Biweekly vs Semimonthly Pay: The Difference That Changes Your Budget

Updated 2026-07-03 · Reviewed against current federal holiday and payroll calendars

The 30-second answer

Biweekly pay means you get a paycheck every two weeks, always on the same day of the week — usually a Friday. That works out to 26 paychecks a year, and because 26 checks don't divide evenly into 12 months, your paydays drift through the calendar. Some months you get two checks, and twice a year you get three.

Semimonthly pay means you get paid twice a month on fixed calendar dates — most commonly the 15th and the last day of the month. That's exactly 24 paychecks a year, every year, with no drift and no surprises.

Here's the part that trips people up: if you're salaried, both schedules pay you the same total amount per year. The difference isn't how much you earn — it's the rhythm of when the money shows up. And that rhythm changes how you budget more than most people expect.

Side-by-side comparison

Here's how the two schedules stack up. The paycheck amounts use a $60,000 salary as an illustrative example — these are gross figures before taxes and deductions, so your take-home will be lower.

Biweekly Semimonthly
Checks per year 26 24
Check size on a $60,000 salary (illustrative, gross) About $2,308 ($60,000 ÷ 26) $2,500 ($60,000 ÷ 24)
Payday dates Same weekday every two weeks; the calendar date rotates Fixed dates, such as the 15th and the last day of the month
3-paycheck months Yes — twice a year Never
27-pay-period years Possible (happens occasionally) Never — always exactly 24
Typical for Hourly workers and most private employers Salaried employees and HR-driven organizations

Notice the check-size difference. Semimonthly checks are a little bigger because the same salary is split into fewer pieces. Biweekly checks are smaller — but you get two extra ones per year, so it evens out.

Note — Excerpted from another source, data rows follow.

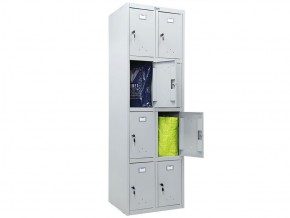 Шкаф для сумок Стандарт LS-24 в Агрызе - agryz.ok-mebel.com | фото 3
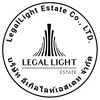 Logo of telegram channel legal_light_estate — Legal_Light_Estate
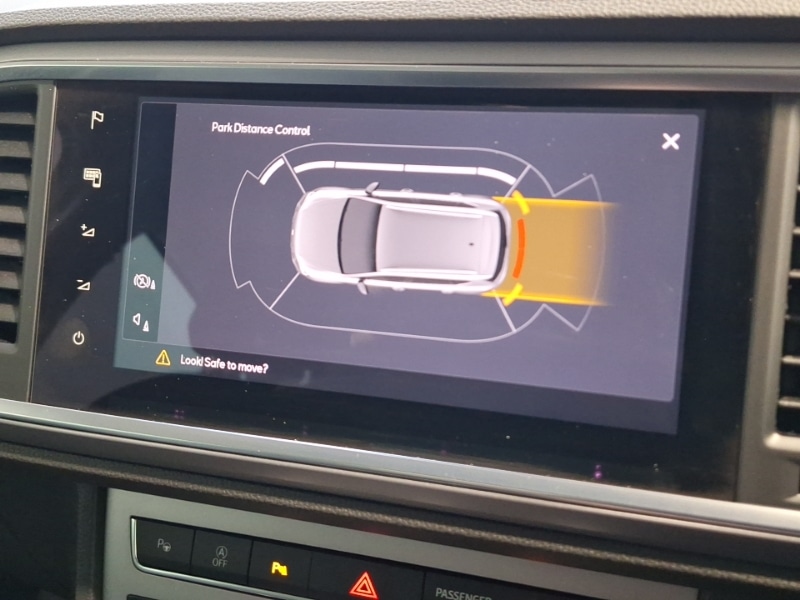 Used SEAT Ateca 2024 for sale - 77717532: Photo 10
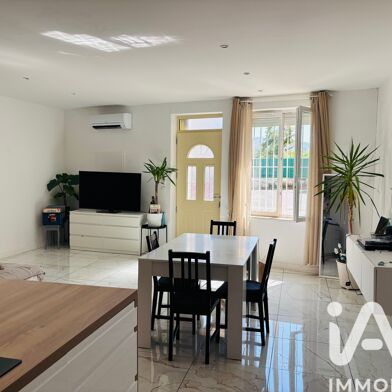 Maison 4 pièces 329000 €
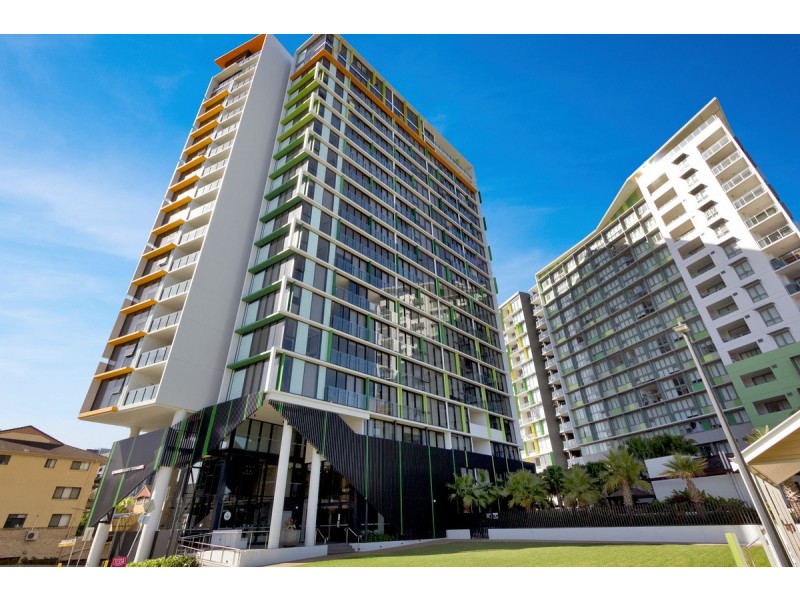 505/10 Trinity Street, Fortitude Valley QLD 4006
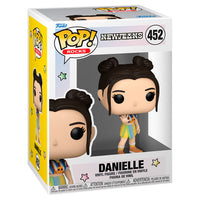 Funko POP! New Jeans - Danielle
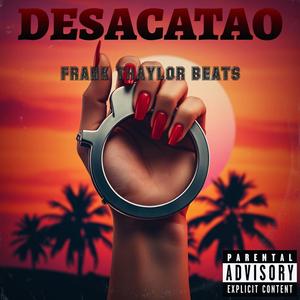 DESACATAO (REGGAETON ROMÁNTICO TYPE BEATS)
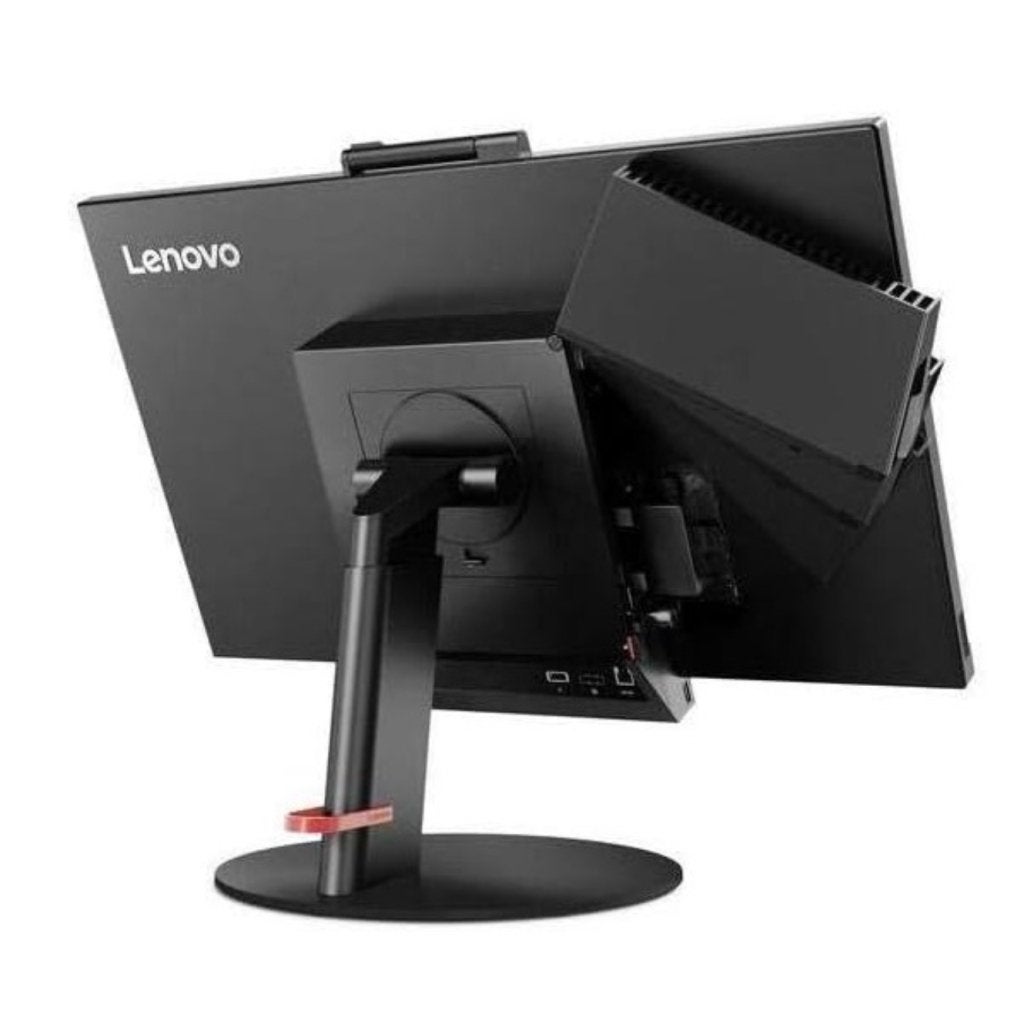 Lenovo ThinkCentre TIO 22 Gen 3 21.5" FHD-beeldscherm NIEUW, Lenovo, Nieuw, Support@lenovo.com, Lenovo Group Limited
1009 Think Place
Morrisville, NC 27560
USA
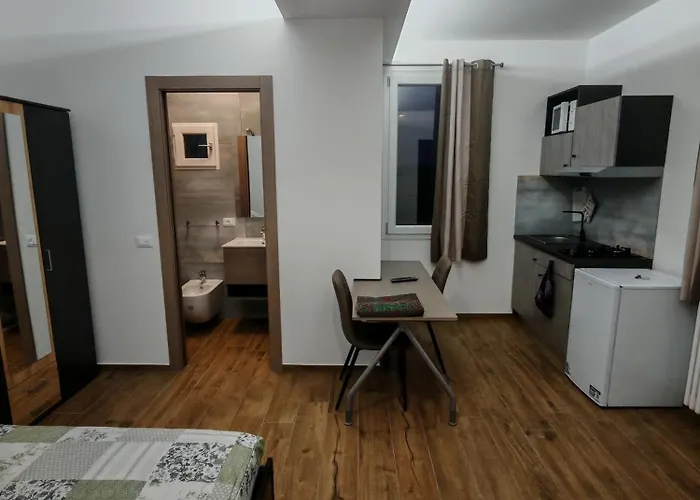 Oda ve Kahvaltı Rioreno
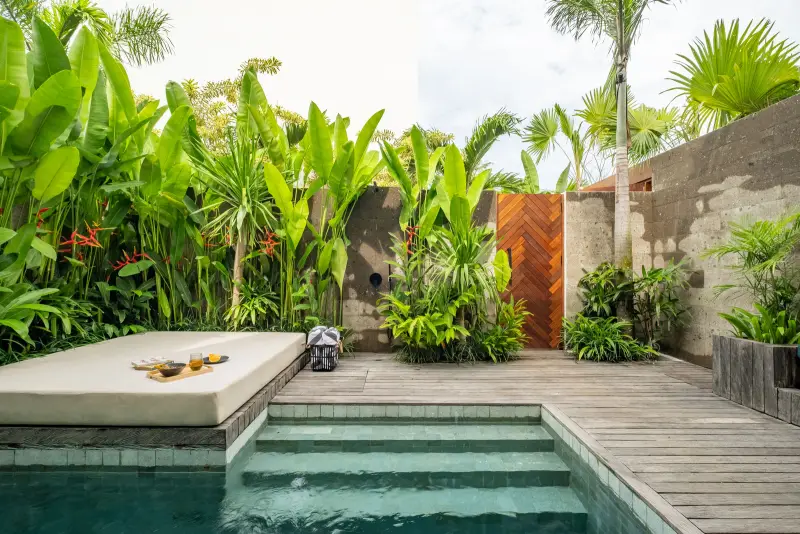 Oasis Suma Retreat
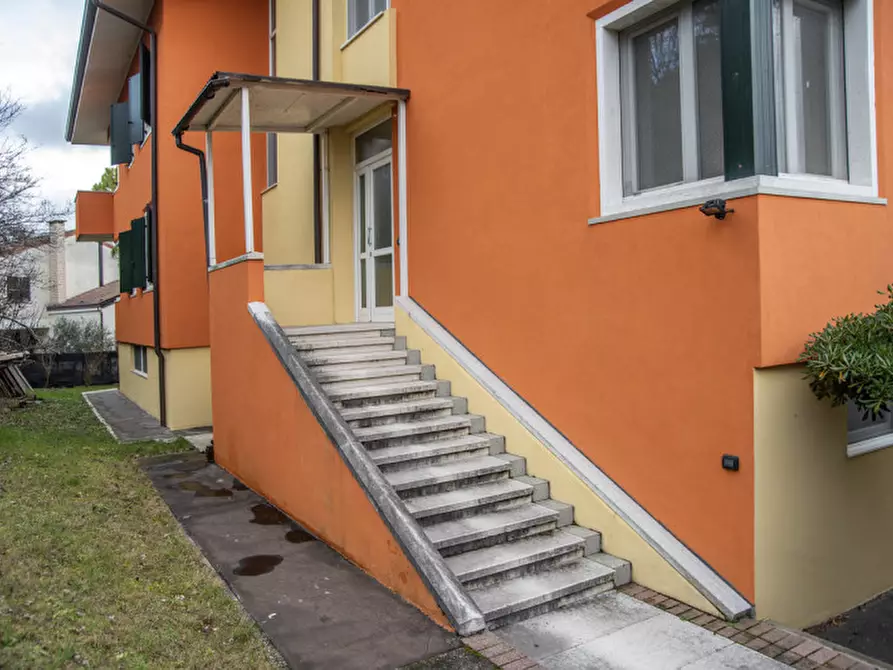 Immagine 10 di Casa bifamiliare in vendita  in via antonio della torre a Mezzane Di Sotto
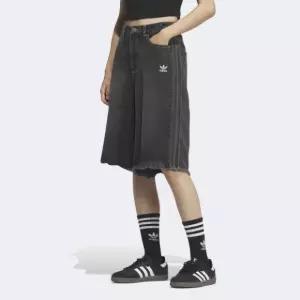 [아디다스] DENIM JORT KC2651_스타필드하남ABC마트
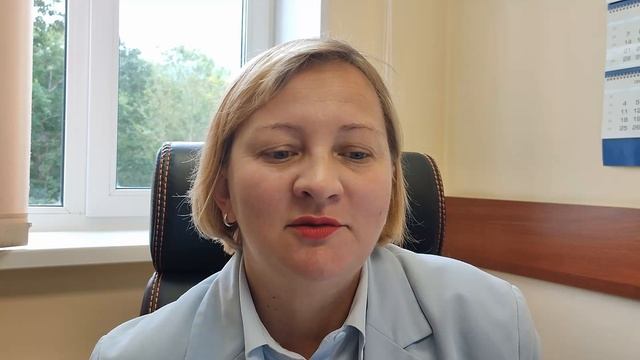 Наталья Турукина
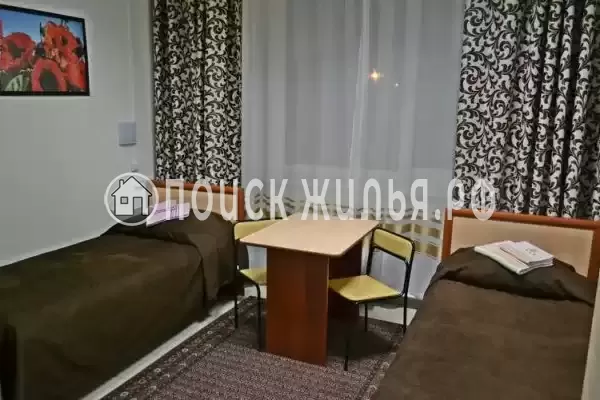 «Гостиный Дворик»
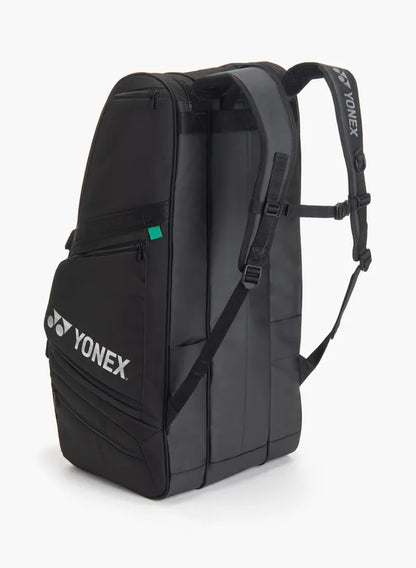YONEX GEARLOGIC RACQUET BAG BT9 # BA72629EX BEIGE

Why biweekly workers get 3-paycheck months and semimonthly workers never do

It comes down to simple math. A year has 52 weeks, so paying every two weeks produces 26 paychecks. But budgets run on months, and 12 months can only "hold" 24 checks at a rate of two per month. Those two leftover checks have to land somewhere — so twice a year, a third payday sneaks into a single month.

Which months those are depends entirely on when your pay cycle started. If your paydays fall on the 1st or 2nd of a 31-day month, you'll likely see checks on three separate Fridays before the month ends. Someone at a different company with a different start date gets their 3-paycheck months at completely different times. You can use the paycheck calendar calculator to map out your exact paydays, or check 3-paycheck months in 2026 to see which months are candidates this year.

Semimonthly workers never get this bonus-feeling month because their schedule is built around the calendar itself. The 15th and the last day of the month show up exactly once each — two paydays per month, every month, forever. Predictable, but no extra check to look forward to.

One more quirk on the biweekly side: every so often, the calendar lines up so that a year contains 27 pay periods instead of 26. Employers handle this in different ways, but it's worth knowing it can happen. Semimonthly workers never deal with it.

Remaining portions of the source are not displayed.